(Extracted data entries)

· · · · ·

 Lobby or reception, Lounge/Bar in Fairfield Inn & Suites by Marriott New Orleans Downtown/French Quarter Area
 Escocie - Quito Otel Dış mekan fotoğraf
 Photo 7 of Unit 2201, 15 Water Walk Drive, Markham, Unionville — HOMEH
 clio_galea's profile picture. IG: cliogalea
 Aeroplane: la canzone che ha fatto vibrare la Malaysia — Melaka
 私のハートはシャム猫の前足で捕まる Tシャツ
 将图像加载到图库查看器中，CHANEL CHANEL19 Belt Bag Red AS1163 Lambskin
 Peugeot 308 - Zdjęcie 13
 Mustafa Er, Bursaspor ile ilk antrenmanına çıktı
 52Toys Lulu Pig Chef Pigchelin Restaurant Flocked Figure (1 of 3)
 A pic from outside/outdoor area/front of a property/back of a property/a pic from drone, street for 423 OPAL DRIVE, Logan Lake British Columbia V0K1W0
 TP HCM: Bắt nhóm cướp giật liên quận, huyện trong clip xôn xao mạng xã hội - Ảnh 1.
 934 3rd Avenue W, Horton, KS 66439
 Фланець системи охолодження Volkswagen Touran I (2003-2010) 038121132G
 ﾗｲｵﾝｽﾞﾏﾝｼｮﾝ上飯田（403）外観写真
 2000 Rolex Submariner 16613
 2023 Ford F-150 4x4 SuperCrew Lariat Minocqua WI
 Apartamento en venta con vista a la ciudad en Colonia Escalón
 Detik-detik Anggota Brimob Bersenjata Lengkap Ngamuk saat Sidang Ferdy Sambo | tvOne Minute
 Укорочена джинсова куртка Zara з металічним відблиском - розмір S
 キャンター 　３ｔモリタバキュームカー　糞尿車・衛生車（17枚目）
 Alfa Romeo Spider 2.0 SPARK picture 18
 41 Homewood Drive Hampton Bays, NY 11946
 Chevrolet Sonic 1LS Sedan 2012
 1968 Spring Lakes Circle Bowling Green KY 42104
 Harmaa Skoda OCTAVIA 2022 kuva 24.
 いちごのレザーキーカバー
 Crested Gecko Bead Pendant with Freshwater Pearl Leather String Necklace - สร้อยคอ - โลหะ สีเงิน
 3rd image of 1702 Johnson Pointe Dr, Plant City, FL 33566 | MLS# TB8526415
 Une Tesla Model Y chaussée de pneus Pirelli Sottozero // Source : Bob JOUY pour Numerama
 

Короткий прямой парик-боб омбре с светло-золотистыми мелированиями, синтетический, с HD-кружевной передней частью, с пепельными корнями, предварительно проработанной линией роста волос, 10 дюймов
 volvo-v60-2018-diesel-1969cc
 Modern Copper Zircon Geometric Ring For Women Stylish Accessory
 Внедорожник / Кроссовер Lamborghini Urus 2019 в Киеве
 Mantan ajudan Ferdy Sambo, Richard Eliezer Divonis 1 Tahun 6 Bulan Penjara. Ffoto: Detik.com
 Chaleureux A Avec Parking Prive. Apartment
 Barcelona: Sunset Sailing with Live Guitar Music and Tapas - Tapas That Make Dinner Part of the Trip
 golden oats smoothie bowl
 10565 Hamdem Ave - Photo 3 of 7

· · · · ·

__TASK BRIEF__:
Find the line that contains "Внедорожник / Кроссовер". Copy it and every line after it to the end of the records, exactly, and nothing more.

__TASK OUTPUT__:
 Внедорожник / Кроссовер Lamborghini Urus 2019 в Киеве
 Mantan ajudan Ferdy Sambo, Richard Eliezer Divonis 1 Tahun 6 Bulan Penjara. Ffoto: Detik.com
 Chaleureux A Avec Parking Prive. Apartment
 Barcelona: Sunset Sailing with Live Guitar Music and Tapas - Tapas That Make Dinner Part of the Trip
 golden oats smoothie bowl
 10565 Hamdem Ave - Photo 3 of 7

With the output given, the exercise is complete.